As for 7DMk2 or 70D - I'm in a similar situation. If it means anything to you, the 70D will NOT have HDMI mirroring functionality (finally heard back directly from Canon on Twitter for this question). For video use, I like the "Super 35" sensor vs. full frame for most of the work I do. I like the extended reach, the greater focus flexibility, and the expanded lens selection. There are uses where the 5DMk3 excels, but light, portable, and "cheaper" gear has its own benefits, and the image quality is still pretty extraordinary for video use, unless you NEED uncompressed or 4:2:2...


----------



## viggen61 (Jul 26, 2013)

I think the September 15 date is a red herring, at best a placeholder for the merchant's software. 

Canon hasn't given a specific date in September, so some merchants are hedging their bets and putting in 9/15, since their software probably can't hold just a month and year. That gives them one shot of it being "right", 15 shots of it being "late", and 14 shots at it being "early". They could have as easily put in 9/30, and then they could only have happy customers, since there would be 29 days it would be "early", yet still be in September!

The other sign that, to me, indicates the September 15 date is just wrong, is that September 15 is on a Sunday. Most product releases would happen during the workweek, often on a Tuesday, and almost never on a weekend.


----------



## xps (Aug 20, 2013)

My preorder has been cancelled. The online shop wrote, that the shipping date will still be more than 50 days in the future...

Does anybody know the release date of the 70D? Mid of October in Europe?
Amazon says: 25. October 2013


----------



## whothafunk (Aug 20, 2013)

that's sad. that's just proper sad


----------



## aj1575 (Aug 20, 2013)

Here in Switzerland the dates mentioned by the stores vary between beginning of september until end of october. I can't imagine that Amazon knows the exact date (oct. 25 they mention), I think this is a date they put in to be on the save side. If the date was already clear, then many other stores would mention it.
I think only Canon Japan knows the real (target) date, it is probably not fixed yet (therefor target date).

I would also not wait for the 7D II, unless you hope it will have some features you really need, because it could be photokina next year until you got it.

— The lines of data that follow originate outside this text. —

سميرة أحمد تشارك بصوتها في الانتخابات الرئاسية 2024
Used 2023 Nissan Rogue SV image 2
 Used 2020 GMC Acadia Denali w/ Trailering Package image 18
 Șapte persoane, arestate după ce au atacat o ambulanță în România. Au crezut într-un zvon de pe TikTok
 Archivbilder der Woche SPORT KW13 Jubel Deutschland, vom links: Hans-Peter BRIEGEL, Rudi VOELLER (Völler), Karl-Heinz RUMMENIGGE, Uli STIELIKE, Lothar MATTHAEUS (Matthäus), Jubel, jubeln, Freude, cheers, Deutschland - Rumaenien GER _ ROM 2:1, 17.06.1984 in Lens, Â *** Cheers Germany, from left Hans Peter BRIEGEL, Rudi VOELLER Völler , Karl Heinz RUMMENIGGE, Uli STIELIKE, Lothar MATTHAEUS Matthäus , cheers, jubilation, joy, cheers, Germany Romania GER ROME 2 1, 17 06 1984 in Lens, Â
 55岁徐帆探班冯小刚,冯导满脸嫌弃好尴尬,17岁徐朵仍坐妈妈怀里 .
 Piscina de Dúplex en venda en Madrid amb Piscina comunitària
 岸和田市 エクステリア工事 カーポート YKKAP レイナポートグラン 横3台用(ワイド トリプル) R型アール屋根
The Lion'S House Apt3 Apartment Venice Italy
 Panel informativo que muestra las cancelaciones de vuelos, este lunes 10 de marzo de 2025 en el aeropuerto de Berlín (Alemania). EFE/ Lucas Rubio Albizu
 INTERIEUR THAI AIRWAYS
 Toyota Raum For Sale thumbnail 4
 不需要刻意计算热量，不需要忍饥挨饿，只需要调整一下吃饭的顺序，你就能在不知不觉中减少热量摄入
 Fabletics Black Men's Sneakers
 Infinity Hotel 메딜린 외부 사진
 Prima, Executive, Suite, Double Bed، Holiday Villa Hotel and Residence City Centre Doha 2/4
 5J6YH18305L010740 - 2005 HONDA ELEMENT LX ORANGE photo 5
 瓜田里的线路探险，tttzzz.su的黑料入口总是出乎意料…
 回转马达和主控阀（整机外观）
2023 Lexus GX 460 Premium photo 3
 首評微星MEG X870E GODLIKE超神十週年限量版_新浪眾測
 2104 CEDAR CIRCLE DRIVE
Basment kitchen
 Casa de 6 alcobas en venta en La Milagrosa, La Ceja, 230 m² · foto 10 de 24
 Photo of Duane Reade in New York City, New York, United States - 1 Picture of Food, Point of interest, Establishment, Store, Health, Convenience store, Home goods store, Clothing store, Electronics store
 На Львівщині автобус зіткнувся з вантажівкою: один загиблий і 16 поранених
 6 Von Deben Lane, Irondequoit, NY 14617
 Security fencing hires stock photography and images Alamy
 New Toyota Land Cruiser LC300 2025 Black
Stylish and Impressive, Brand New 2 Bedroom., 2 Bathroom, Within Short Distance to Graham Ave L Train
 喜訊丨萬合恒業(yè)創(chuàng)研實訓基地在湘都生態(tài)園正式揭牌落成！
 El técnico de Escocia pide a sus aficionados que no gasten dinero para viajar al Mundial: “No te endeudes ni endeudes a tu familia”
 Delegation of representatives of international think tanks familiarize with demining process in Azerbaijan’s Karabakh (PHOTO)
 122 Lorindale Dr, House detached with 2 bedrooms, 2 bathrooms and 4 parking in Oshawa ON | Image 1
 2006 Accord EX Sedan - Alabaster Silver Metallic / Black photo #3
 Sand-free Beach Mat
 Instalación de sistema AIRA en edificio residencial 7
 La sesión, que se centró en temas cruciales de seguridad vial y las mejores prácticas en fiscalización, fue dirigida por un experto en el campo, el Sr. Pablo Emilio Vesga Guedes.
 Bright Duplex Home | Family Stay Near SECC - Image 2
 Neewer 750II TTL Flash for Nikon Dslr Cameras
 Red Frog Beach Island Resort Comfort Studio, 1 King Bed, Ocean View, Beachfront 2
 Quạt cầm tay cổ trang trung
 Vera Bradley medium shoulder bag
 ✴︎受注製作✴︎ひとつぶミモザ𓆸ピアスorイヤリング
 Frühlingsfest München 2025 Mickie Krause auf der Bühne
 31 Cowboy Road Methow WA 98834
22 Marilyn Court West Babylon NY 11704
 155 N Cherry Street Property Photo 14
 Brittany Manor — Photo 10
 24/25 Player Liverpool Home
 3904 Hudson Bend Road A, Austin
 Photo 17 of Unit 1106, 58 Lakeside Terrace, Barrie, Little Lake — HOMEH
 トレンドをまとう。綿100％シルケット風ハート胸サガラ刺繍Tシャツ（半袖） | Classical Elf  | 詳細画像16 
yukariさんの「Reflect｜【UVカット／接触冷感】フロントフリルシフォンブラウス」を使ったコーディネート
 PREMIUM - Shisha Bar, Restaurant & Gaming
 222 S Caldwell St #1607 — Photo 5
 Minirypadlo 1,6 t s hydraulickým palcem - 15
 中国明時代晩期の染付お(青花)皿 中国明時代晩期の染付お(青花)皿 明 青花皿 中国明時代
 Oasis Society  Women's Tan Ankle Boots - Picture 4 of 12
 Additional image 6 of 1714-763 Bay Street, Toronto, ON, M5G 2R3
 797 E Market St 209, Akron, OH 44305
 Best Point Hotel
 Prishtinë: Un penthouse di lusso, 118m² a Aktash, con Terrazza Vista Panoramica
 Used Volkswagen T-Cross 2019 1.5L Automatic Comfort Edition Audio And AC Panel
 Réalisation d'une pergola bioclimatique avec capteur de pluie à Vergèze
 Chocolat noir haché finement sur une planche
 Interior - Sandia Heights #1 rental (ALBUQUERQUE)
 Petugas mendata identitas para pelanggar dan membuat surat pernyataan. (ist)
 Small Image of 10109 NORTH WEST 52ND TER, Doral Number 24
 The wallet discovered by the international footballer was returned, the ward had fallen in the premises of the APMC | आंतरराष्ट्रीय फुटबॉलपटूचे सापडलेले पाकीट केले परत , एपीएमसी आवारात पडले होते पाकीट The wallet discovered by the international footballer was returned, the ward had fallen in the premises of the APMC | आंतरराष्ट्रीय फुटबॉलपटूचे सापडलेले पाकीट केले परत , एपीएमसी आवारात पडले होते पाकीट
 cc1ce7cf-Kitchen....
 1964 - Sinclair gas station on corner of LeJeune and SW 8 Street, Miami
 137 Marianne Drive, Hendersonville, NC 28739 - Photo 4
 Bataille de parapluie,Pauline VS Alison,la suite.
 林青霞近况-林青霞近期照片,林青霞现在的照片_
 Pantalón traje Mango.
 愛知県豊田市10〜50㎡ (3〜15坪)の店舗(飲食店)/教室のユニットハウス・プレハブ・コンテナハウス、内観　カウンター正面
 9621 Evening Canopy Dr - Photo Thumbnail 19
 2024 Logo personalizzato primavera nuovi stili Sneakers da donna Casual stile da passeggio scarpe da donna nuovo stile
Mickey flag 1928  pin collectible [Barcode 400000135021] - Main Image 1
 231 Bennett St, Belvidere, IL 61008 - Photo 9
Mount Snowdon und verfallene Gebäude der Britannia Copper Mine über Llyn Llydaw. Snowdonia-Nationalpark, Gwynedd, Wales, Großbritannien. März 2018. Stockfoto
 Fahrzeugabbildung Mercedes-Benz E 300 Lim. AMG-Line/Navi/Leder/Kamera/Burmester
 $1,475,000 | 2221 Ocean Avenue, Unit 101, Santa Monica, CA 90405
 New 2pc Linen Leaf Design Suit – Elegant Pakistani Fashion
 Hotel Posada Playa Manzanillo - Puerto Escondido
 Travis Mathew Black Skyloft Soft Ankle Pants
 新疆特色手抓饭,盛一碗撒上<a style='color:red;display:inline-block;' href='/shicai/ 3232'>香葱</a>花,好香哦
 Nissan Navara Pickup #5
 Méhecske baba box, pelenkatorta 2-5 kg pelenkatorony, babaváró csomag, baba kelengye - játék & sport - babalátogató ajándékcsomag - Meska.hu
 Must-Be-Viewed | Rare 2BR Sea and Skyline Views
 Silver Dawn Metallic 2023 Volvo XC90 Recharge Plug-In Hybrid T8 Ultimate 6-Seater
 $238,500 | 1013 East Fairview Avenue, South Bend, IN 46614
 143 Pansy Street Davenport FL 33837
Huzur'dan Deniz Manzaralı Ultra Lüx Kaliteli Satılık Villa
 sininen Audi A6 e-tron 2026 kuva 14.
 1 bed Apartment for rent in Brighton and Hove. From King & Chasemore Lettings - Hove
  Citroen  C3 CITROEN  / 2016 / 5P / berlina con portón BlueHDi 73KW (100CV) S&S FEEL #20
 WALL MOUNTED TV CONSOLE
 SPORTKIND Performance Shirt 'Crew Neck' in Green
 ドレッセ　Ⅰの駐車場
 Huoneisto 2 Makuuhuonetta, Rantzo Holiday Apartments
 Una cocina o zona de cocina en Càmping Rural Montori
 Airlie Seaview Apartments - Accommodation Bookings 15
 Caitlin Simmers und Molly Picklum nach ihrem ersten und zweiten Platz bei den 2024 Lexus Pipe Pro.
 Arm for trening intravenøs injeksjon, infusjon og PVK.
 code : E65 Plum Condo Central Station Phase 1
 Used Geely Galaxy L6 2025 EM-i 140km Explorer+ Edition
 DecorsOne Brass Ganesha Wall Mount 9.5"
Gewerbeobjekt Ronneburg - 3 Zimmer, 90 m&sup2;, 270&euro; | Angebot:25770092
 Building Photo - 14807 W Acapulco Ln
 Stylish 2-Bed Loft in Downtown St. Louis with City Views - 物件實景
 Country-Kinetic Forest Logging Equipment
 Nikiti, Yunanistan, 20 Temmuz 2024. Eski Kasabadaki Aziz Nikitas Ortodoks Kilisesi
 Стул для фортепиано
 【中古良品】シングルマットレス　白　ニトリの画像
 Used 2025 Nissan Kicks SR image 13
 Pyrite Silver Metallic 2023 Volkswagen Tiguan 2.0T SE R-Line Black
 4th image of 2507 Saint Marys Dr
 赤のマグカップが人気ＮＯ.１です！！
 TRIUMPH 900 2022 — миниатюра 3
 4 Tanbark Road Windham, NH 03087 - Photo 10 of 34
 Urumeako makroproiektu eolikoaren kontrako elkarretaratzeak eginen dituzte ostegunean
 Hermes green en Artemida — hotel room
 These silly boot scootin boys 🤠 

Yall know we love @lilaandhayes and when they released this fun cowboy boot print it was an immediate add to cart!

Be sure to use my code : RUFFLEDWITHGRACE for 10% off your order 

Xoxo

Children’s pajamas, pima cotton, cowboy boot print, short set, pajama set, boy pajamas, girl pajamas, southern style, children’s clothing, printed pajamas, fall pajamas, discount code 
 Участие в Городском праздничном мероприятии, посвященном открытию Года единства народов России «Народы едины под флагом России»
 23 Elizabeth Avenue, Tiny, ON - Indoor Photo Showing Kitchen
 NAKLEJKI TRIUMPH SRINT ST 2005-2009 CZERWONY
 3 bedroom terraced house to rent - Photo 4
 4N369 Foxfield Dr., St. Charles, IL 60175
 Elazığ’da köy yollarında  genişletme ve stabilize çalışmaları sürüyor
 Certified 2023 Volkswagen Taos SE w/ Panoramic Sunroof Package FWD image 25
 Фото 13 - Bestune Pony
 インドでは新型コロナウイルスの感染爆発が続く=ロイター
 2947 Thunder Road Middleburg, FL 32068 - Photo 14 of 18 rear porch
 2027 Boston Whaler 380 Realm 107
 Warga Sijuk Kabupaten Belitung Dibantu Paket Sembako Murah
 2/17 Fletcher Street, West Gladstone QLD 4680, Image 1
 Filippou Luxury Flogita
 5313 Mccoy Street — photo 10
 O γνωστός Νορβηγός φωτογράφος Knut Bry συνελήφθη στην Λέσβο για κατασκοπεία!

To me, it does not really matter if it will be beginning of september, or october; I'm working with my 350D for 7 1/2 years by now, so a few weeks do not matter anymore.


----------



## aj1575 (Aug 20, 2013)

Here is a little round up of mentioned release dates.
http://www.canonwatch.com/when-will-the-canon-eos-70d-be-released/
November is a little late I think, the same goes for late october. These two dates are mentioned by Amazon outside of the US (Oct.) and Pixmania (Nov.).


----------



## Eimajm (Aug 20, 2013)

Don't quite get this post, why would you wait for a camera that has yet to even be announced when the camera you want is availble in 1+ months but no specific date. I would think the 7D II is probably going to be priced slightly less than the 5D III. If a 70D does what you want it to do, and it priced at the level you are prepared to pay, which it appers it is otherwise you wouldn't have pre-ordered, why then delay your camera purchase?


----------



## Don Haines (Aug 20, 2013)

Eimajm said:


> Don't quite get this post, why would you wait for a camera that has yet to even be announced when the camera you want is availble in 1+ months but no specific date. I would think the 7D II is probably going to be priced slightly less than the 5D III. If a 70D does what you want it to do, and it priced at the level you are prepared to pay, which it appers it is otherwise you wouldn't have pre-ordered, why then delay your camera purchase?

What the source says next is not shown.